We spent three nights in Vancouver at a very nice RV Park, but when we got ready to leave yesterday morning, I found out that it was only a couple of miles from the border crossing. “Great,” I told Anne, “We’ll get a late start, I’ll buy gas with the remaining Canadian money, and still be in Seattle by noon.” Since it was early on Wednesday morning, we really didn’t expect much traffic, there was little reason to go eleven miles out of our way to the smaller port of entry on BC15.

Peace Arch
While you’re in line to cross the border at Interstate 5, you get to enjoy this lovely park. Just don’t get out of your car.

As it turns out, BC99 is Interstate 5 after crossing the border, and very few customs stations handle more traffic than this one. It was ten lanes wide with traffic backed up for a quarter of a mile. We were committed now, so I picked a slow lane. It really didn’t matter, because which ever lane we would have chosen, would wind up the slow lane.

After about a half hour, we finally made it to the customs agent (or are they TSA? maybe border patrol . . . whatever), who turned out to be Edwina (Holly Hunter in Raising Arizona). She rattled off the standard questions; Where do you live?, How long were you in Canada, Why did you go to Canada, did you buy anything in Canada, are you carrying any meat or produce with you . . .

“Well, we have some bacon, but we bought that in Montana, and some steaks, which we bought at the Anchorage Costco. We don’t have and citrus.” (I knew that citrus is a very bad thing to have.) “We just have a tomato, a couple of potatoes and an onion.”

Hearing that, Ed’s eyes narrowed and her lips pursed and she filled out an orange slip and slapped it on the windshield. “Follow the yellow arrows to the building over there, then take the form inside along with your passports for further inspection.” We obediently followed the yellow arrows and went inside.

Inside, there was a very long line, which as it turned out, was for the bathrooms. Relieved (in a different kind of way), we entered the main hall and saw a much bigger line snaking its way to a very large counter. Forget what you know about TSA lines, this was worse. There actually were two lines, one said Nexus, Agriculture, Meat. That line was empty, so it couldn’t possibly be the right one. The other line was for everybody else and everybody else was already in that line.

We stood for a moment trying to figure out which line we belonged in, when a sweet young customs woman walked up and asked if she could answer our questions. We explained what Ed had told us and we were just trying to figure out which was the correct line.

“Oh, this is for produce, you’re here to see me, come up to the counter over there.” That was a first, but who was I to argue. We met her at the counter and handed our passports and orange form to her and explained about where we lived, why we went to Canada, how long we were there, where we left the States and did we own the truck and trailer. She slipped a declaration slip across the counter for us to fill out and sign.

“We’ll need to inspect the produce, may I have the keys please?”

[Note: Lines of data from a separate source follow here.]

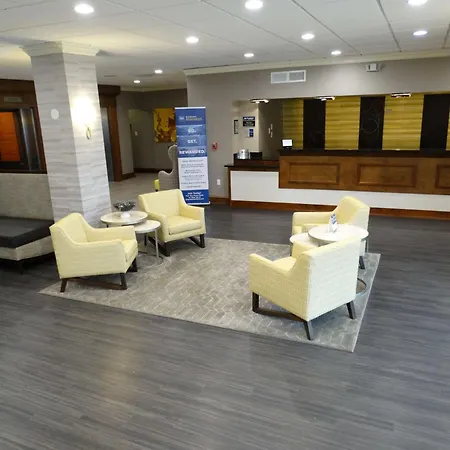 Cottonwood Airport & Expo Hotel Louisville-3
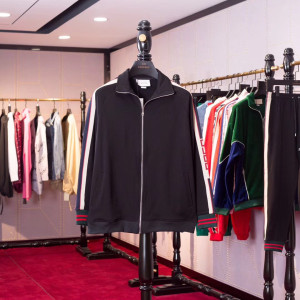 구찌 소매 벨트 장식 재킷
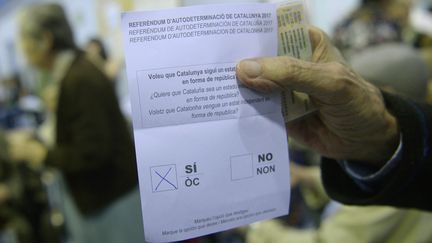 Des milliers de Catalans sont massés dimanche 1er octobre matin devant les bureaux de vote pour participer au référendum d'autodétermination (illustration). (JOSEP LAGO / AFP)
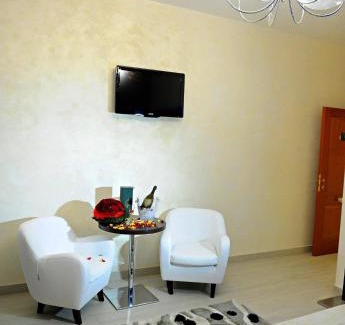 San Donato-San Vitale Hotel | BrahajMotel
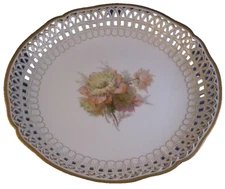 Antique KPM Berlin Porcelain Weichmalerei Pedestal Plate Dish Porzellan Tazza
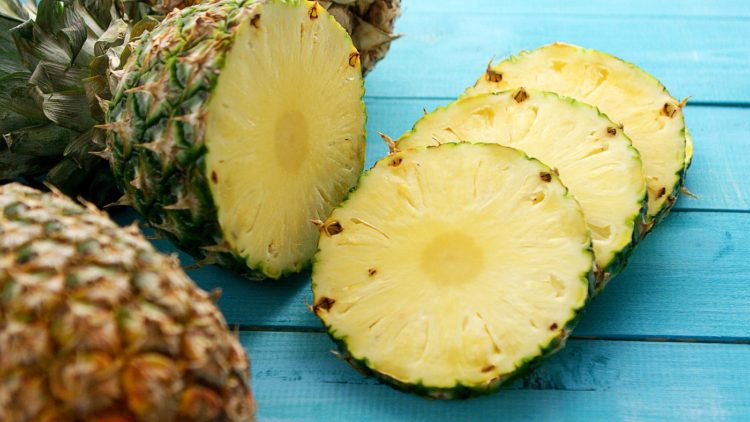 Slices of fresh pineapple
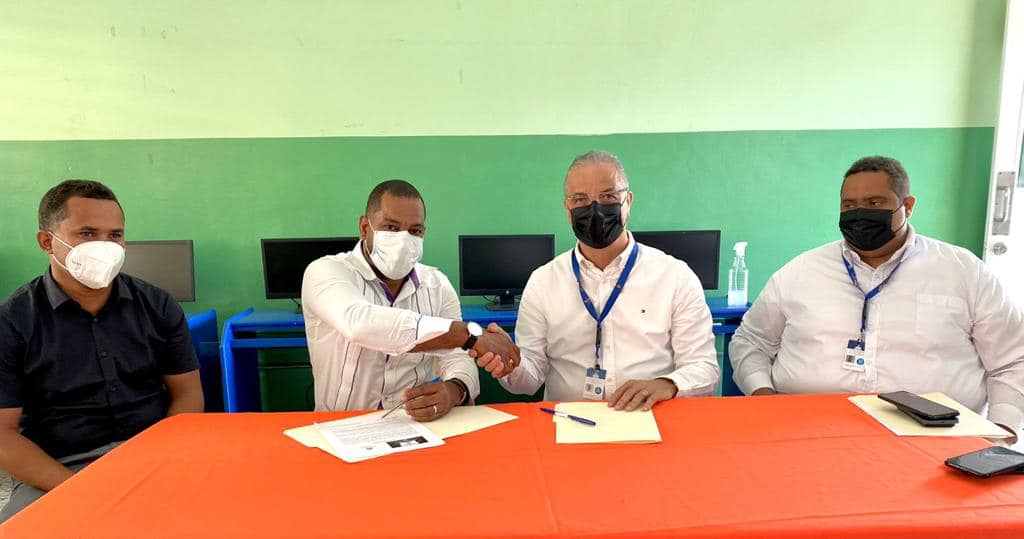 Dirección Provincial del Ministerio de Industria y Comercio en Puerto Plata firma acuerdo con Politécnico Rommel Cruz De León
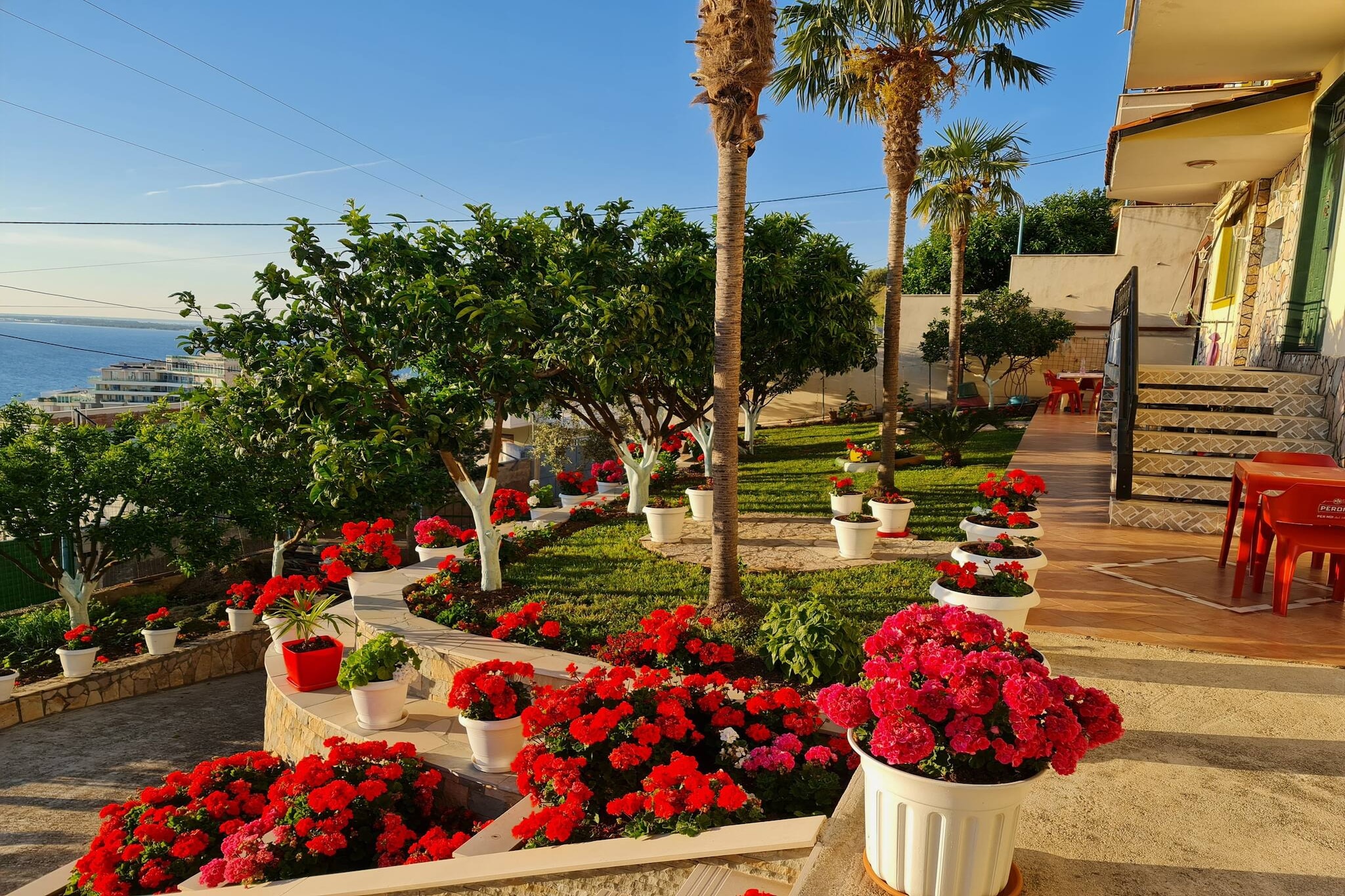 Villa Meminaj With Sea View & Garden-Tuinen zomer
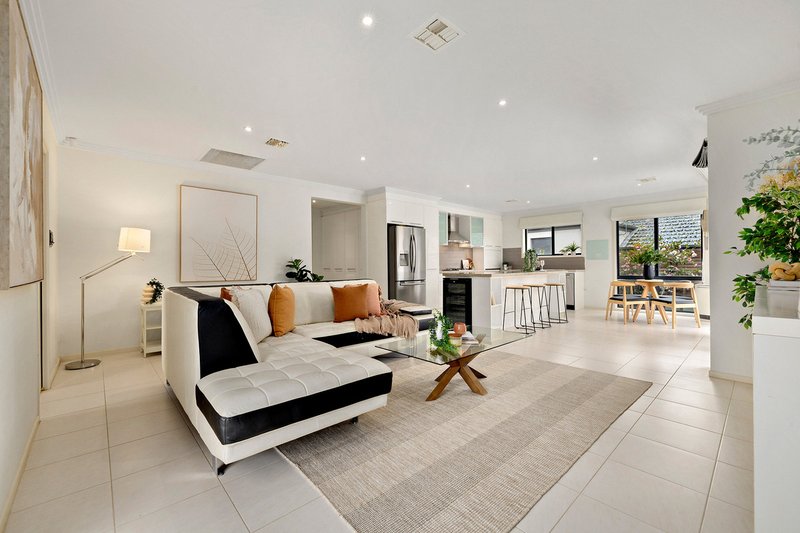 Photo - 19 Gormanston Crescent, Deakin ACT 2600 - Image 6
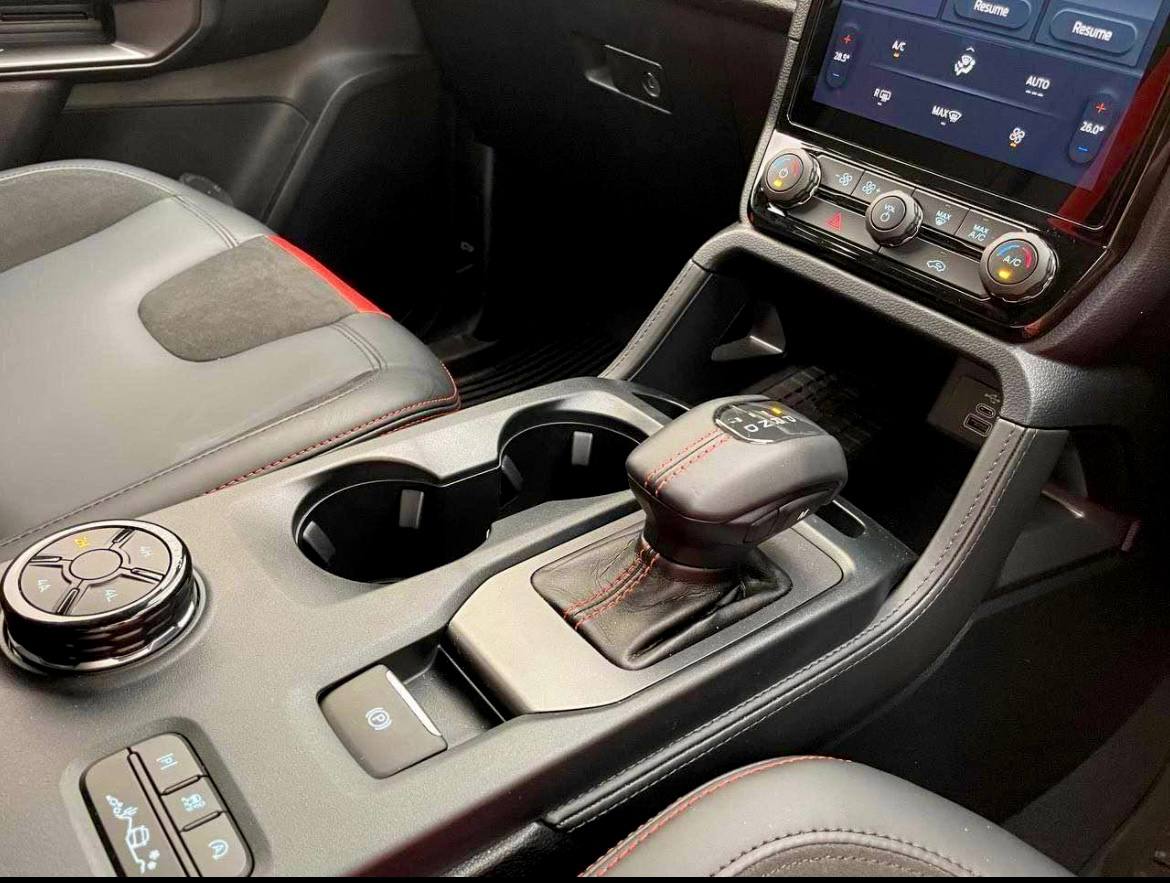 Ford Raptor Black (2023) — 6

“Sure, I show you,” I offered.

“No, you and your wife take a seat on the window sill over there and we’ll call you when we’re ready. Is this the trailer key?”

I explained that it wasn’t and told her where the trailer keys could be found in Fritz. Then we took our place on the window sill, with all the other smugglers.

After what seemed like an hour, but was probably only half that long, she came back in and summoned us to the counter. She showed us a bag of evidence: the remaining beautiful beefsteak tomato and five small Yukon Gold potatoes we bought from Michael in Clinton. “I’ll have to confiscate this produce.”

Anne actually blurted out, “Can I at least have a bite of the tomato?” That didn’t go over very well, and she moved the bag out of reach then bid us a safe trip and handed back our passport and signed orange slip. As we left, she said something curious, “Be sure to check the trailer and lock it.” So, once outside, we did.

It was now noon-thirty; two and a half hours later. We got into Fritz and headed out the exit with our orange get out of jail free card. The gate guard examined it and lifted the barrier. Once again, we were free US Citizens.

We stopped for lunch and then headed for our new camp site. After checking in and parking the trailer, we opened the door. Aah! It looked like two pigs had a cat fight in there. The doors and drawers were all left opened and all of their contents spilled out on the floor. Neither one of us knew how to react. I felt so . . . violated.

We’re spending a couple of days in the Seattle area to restock, regroup and to visit some dear friends living here. After that we’ll be traveling over the Cascades to Yakima, the center of Washington wine country. We could use a bottle or two.


Vancouver – British Columbia

I hate Vancouver, and I love Vancouver.

We’ve been in Vancouver for two consecutive days and at the end of each day, we’ve been caught up in traffic that, in each time lasted over an hour and one half. As I explained in the last post, the jam was due to a freeway construction closure, today there was an accident in the tunnel. As the traffic crawled along (my average miles per hour for the day was 15 mph), Queen Anne found an alternate route on the map.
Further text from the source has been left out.